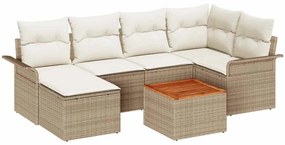 vidaXL Kerti Kanapé Szett párnával 7 pcs Bézs polirattan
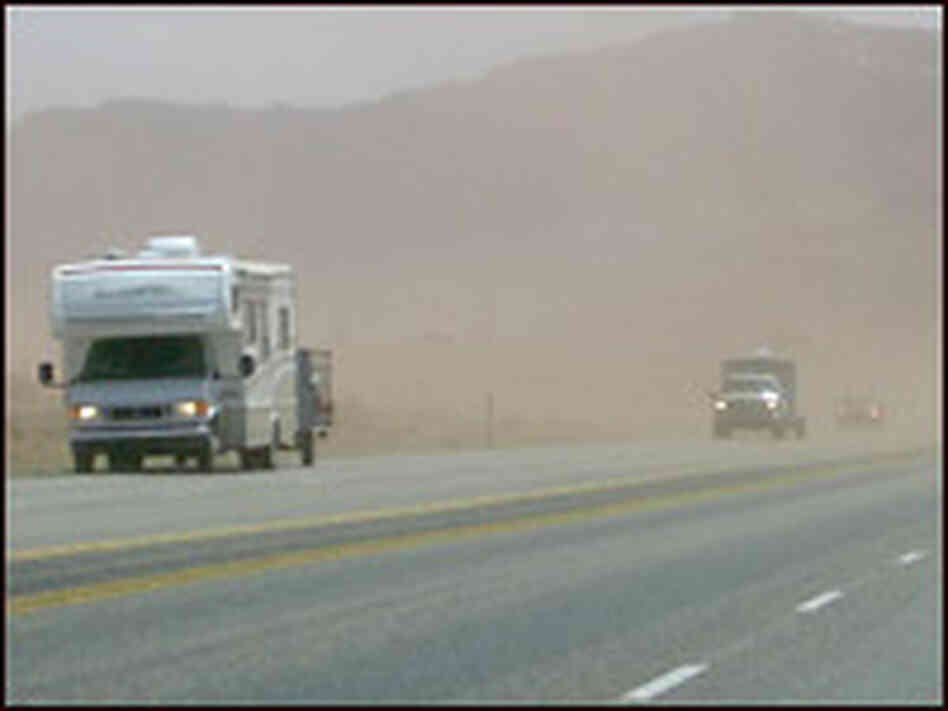 A dusty Utah road. Credit: Richard Harris, NPR.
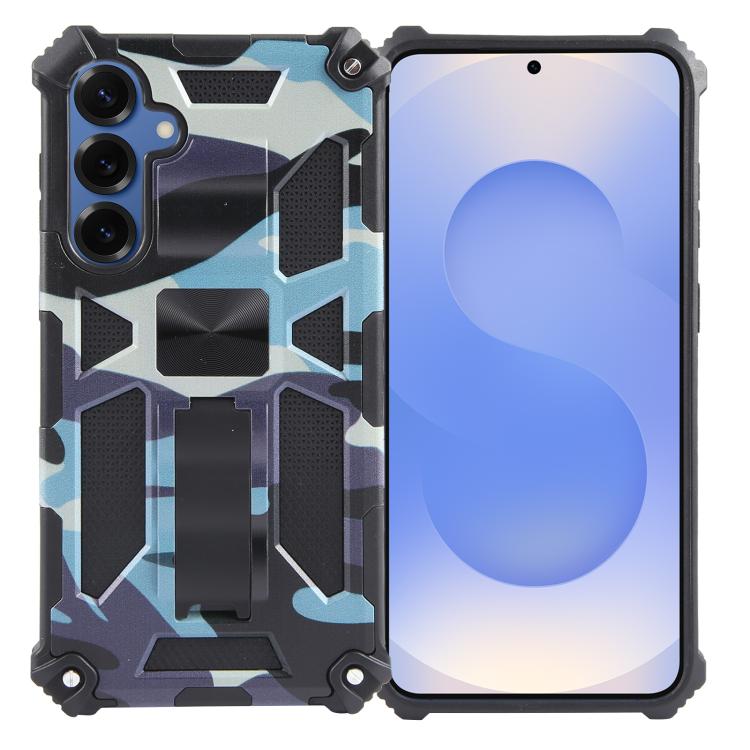 For Samsung Galaxy S26 5G Camouflage Armor Kickstand TPU + PC Magnetic Phone Case(Light Blue)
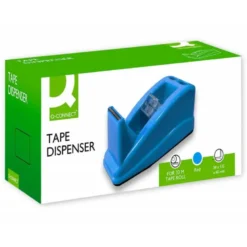 PORTARROLLO SOBREMESA Q-CONNECT PLASTICO PARA CINTA DE 33 MT COLOR AZUL 135X58X60 MM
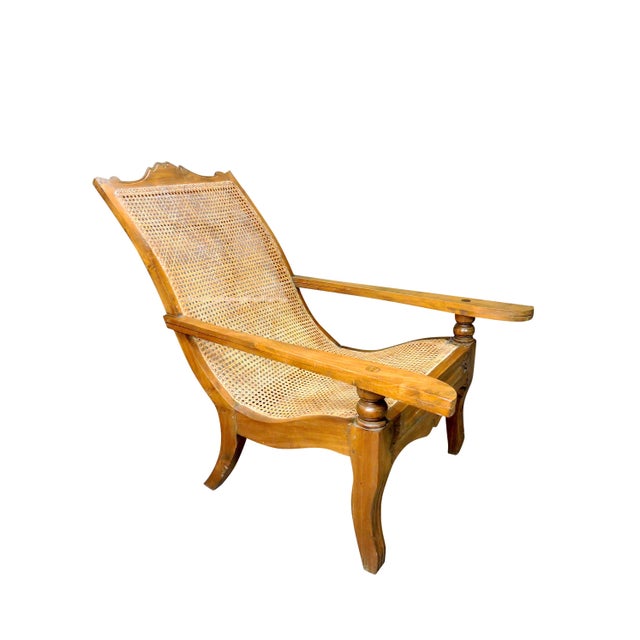 Late 20th Century Vintage British Colonial Teak and Cane Plantation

- - - - - - -

(Exercise instructions): The reply should contain all of the data above, word for word, with no pictures.

(Task result):
 vidaXL Kerti Kanapé Szett párnával 7 pcs Bézs polirattan
 A dusty Utah road. Credit: Richard Harris, NPR.
 For Samsung Galaxy S26 5G Camouflage Armor Kickstand TPU + PC Magnetic Phone Case(Light Blue)
 PORTARROLLO SOBREMESA Q-CONNECT PLASTICO PARA CINTA DE 33 MT COLOR AZUL 135X58X60 MM
 Late 20th Century Vintage British Colonial Teak and Cane Plantation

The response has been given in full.